There’s no doubt about it; our weather is changing with longer dry spells and heavier more intense rain. What remains the same, only more urgent, is the need to build and protect our soils from extreme dry or wet spells, and in turn, they will look after us. So if you have garden space and don’t yet recycle your grass and other green waste from the garden mixed with egg boxes, veg peelings and toilet roll tubes start now! Size is irrelevant; any amount of composting is a good thing – protecting, building, and enriching soils is essential, an opportunity to invest in future growing seasons. Now is also the time to really focus on growing through autumn and winter. Grow6 autumn/winter begins next week to keep you sowing and growing something fresh all year round.
If you’ve missed something, scroll through weekly updates or Grow6 crop pages to catch up.
Keep picking peas from late sowings to keep them flowering. Where peas are ‘spent’ (they will no longer produce pods and start to pale), cut the plants at soil level and compost them, leaving roots in the soil to nourish it. Plant ‘greens’ into the warm, wet soil on top.
Will they ever ripen? Some of us will be luckier than others; a few things can help: keep up a regular weekly liquid feed, remove lower leaves and extra side shoots on tall, cordon tomatoes, and hope for more sunny spells to ripen fruits growing inside and out.

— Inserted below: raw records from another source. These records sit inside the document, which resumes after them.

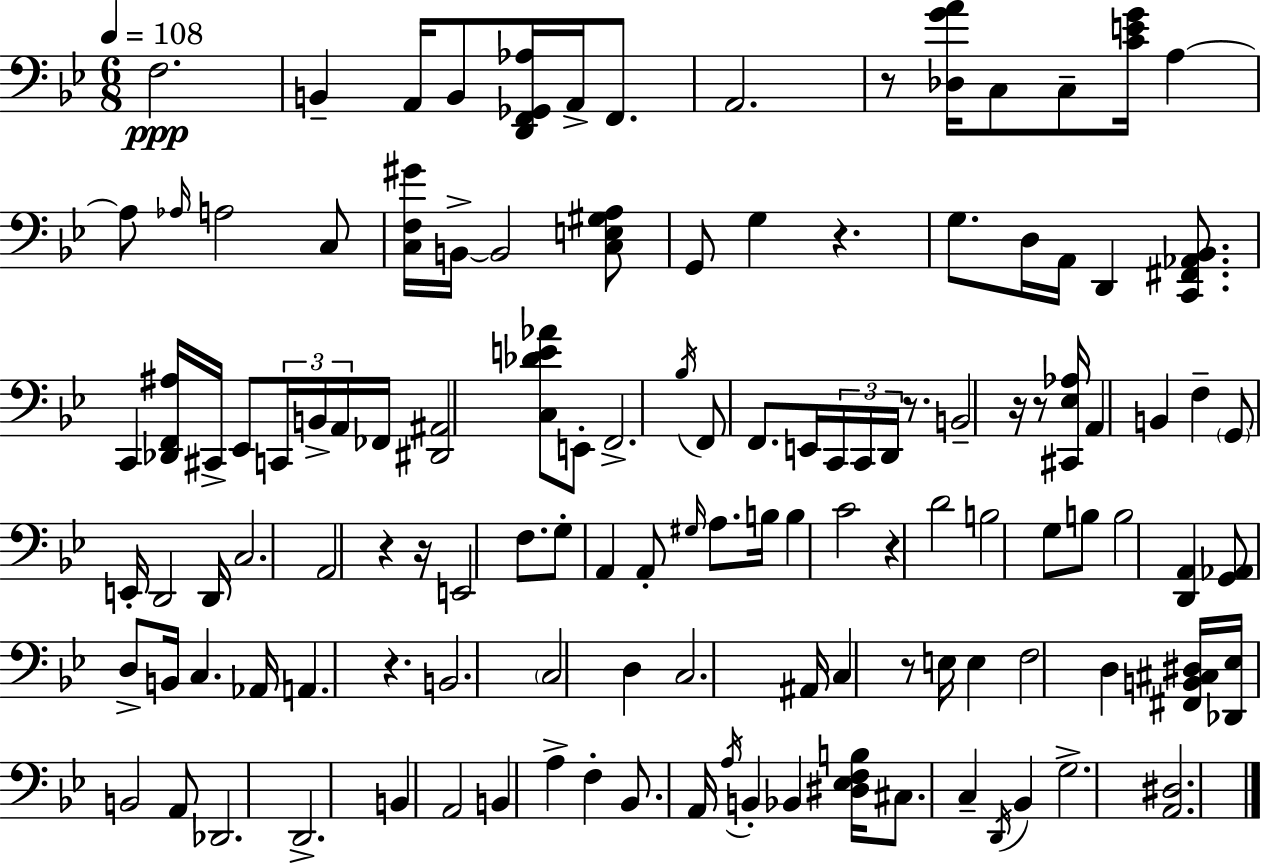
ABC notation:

X:1
T:Untitled
M:6/8
L:1/4
K:Bb
F,2 B,, A,,/4 B,,/2 [D,,F,,_G,,_A,]/4 A,,/4 F,,/2 A,,2 z/2 [_D,GA]/4 C,/2 C,/2 [CEG]/4 A, A,/2 _A,/4 A,2 C,/2 [C,F,^G]/4 B,,/4 B,,2 [C,E,^G,A,]/2 G,,/2 G, z G,/2 D,/4 A,,/4 D,, [C,,^F,,_A,,_B,,]/2 C,, [_D,,F,,^A,]/4 ^C,,/4 _E,,/2 C,,/4 B,,/4 A,,/4 _F,,/4 [^D,,^A,,]2 [C,_DE_A]/2 E,,/2 F,,2 _B,/4 F,,/2 F,,/2 E,,/4 C,,/4 C,,/4 D,,/4 z/2 B,,2 z/4 z/2 [^C,,_E,_A,]/4 A,, B,, F, G,,/2 E,,/4 D,,2 D,,/4 C,2 A,,2 z z/4 E,,2 F,/2 G,/2 A,, A,,/2 ^G,/4 A,/2 B,/4 B, C2 z D2 B,2 G,/2 B,/2 B,2 [D,,A,,] [G,,_A,,]/2 D,/2 B,,/4 C, _A,,/4 A,, z B,,2 C,2 D, C,2 ^A,,/4 C, z/2 E,/4 E, F,2 D, [^F,,B,,^C,^D,]/4 [_D,,_E,]/4 B,,2 A,,/2 _D,,2 D,,2 B,, A,,2 B,, A, F, _B,,/2 A,,/4 A,/4 B,, _B,, [^D,_E,F,B,]/4 ^C,/2 C, D,,/4 _B,, G,2 [A,,^D,]2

Summer strawberries and raspberries are starting to come to an end; however, the currant season is in full swing (watch out, the birds don’t swipe them ALL!), and autumn flowering raspberries will be developing flower buds. See previous posts for what to do with your early flowering canes. If you are out and about, keep an eye out in hedgerows for fruit. ‘Wild’ raspberries and strawberries are much smaller than their cultivated cousins, have great flavour and make delicious jam.

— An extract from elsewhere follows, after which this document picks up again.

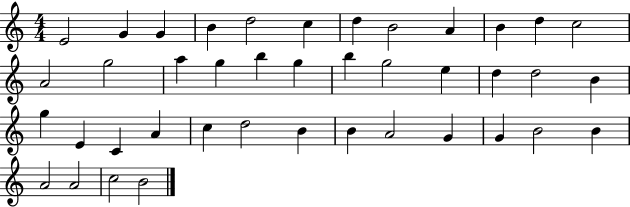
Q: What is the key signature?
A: C major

Time to get growing greens for late winter; wherever possible, sow on windowsills or under glass outside to speed germination up; try winter spinach, mixed lettuce, rocket, parsley, and coriander. If you have big gaps in your soil, you might find some young winter cabbage, kale or leek plants at your nearest community garden, allotment site or local garden centre. It’s time to get them in the soil now if they are to grow big enough to get through winter.

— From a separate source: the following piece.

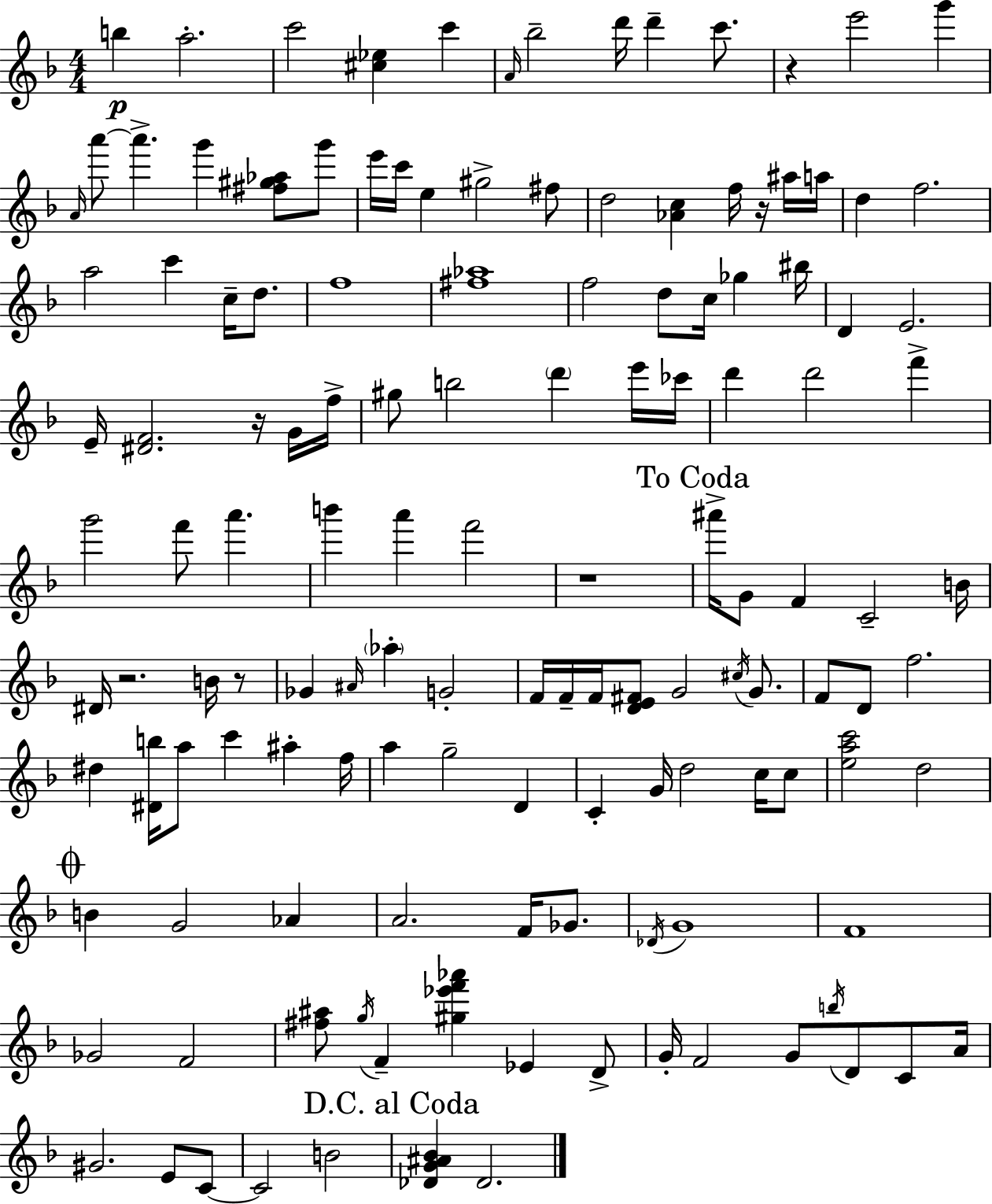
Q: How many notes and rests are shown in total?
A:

Spare a thought for our pollinators working hard in all this wet weather. A range of flowering herbs in pots or garden spaces ensures enough food for everyone.
Early tatties that have flowered and are yellow can be cut back and lifted. Unsure how? See One Seed Forward posts in our socials. Maincrop tatties will still be growing away but do keep a regular eye on any stems rotting, damp, humid days are perfect conditions for potato blight.